Ne var ki, İmamoğlu mücadelesini Binali Yıldırım’a karşı vermedi. Onunla uğraşmadı. İmamoğlu karşısında Binali Yıldırım, sadece bir varlıktı. İmamoğlu’na göre bu varlık; mavi göğün altında hacmi kadar yer işgal eden kadavradan öte bir anlam ifade etmiyordu.

O asıl mücadelesini Reise karşı verdi. Bu mücadele, kuvvet dengeleri bakımından kurtuluş savaşı koşullarından farksızdı. Malum ülke bu mücadeleyi çok büyük imkansızlıklar içinde verdi. Her cephede insanımız, silah, mühimmat, cephane ve insan gücü bizimkinin en az dört katı kadar olan güçlerle savaştı. Böyle çetin bir savaştan büyük bir başarı ile çıktı ülke!

İmamoğlu’nun başarısı da buna benzer bir başarıydı.

Sıradan değildi.

Anlamlı ve önemliydi.

Çünkü bu başarı 25 yıllık siyasi hayatında, orantısız güç dengesine rağmen Reis’e yenilgiyi tattıran ilk başarıydı.
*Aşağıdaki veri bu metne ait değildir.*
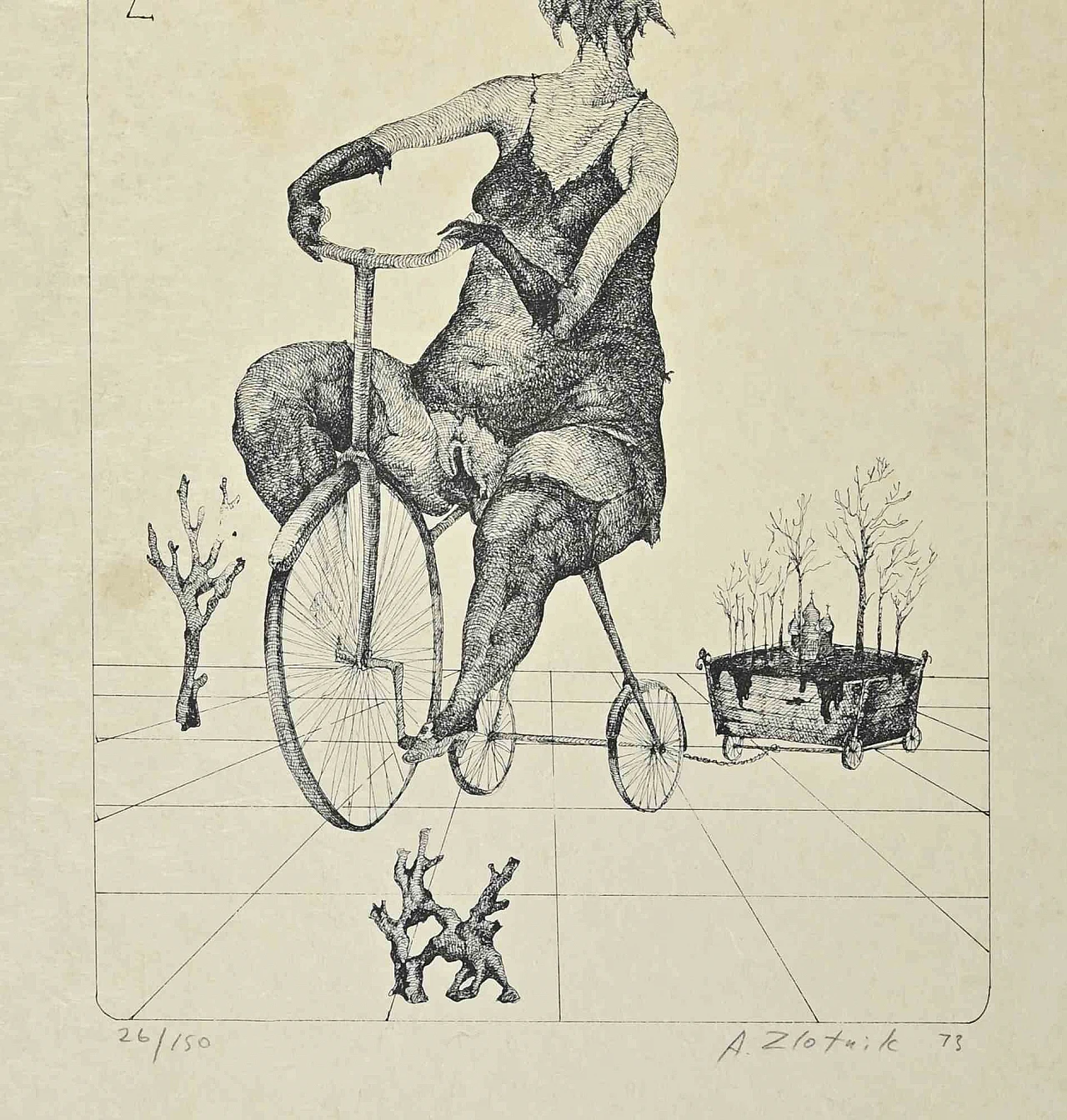 Alexandre Zlotnik, Cyclist, Lithograph 1960s-1970s 2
Bir de, hani “bir insanın kendine yaptığı kötülüğü başka hiç kimse yapamaz” derler ya o misal işte! İmamoğlu’nun başarısına Reis’in kendi katkılarının hakkını da teslim etmek gerek.

Ne demek istediğimi sondan başlayarak anlatabilirim.

Bırakın demokratik teamülleri; dünyanın her yerinde ve tarihin her döneminde düellolar bile taraflara eşit koşullar yaratılarak yapılmıştır. Kılıcı, kalkanı, atı, silahı olmayan rakibin ihtiyaçları koşullar eşitlesin diye karşı rakip tarafından sağlanmıştır.

Demokrasilerde seçimler siyasi kahramanlar arası bir düelloysa eğer – ki öyledir- düellonun eşit koşullarda yapılması gerekir.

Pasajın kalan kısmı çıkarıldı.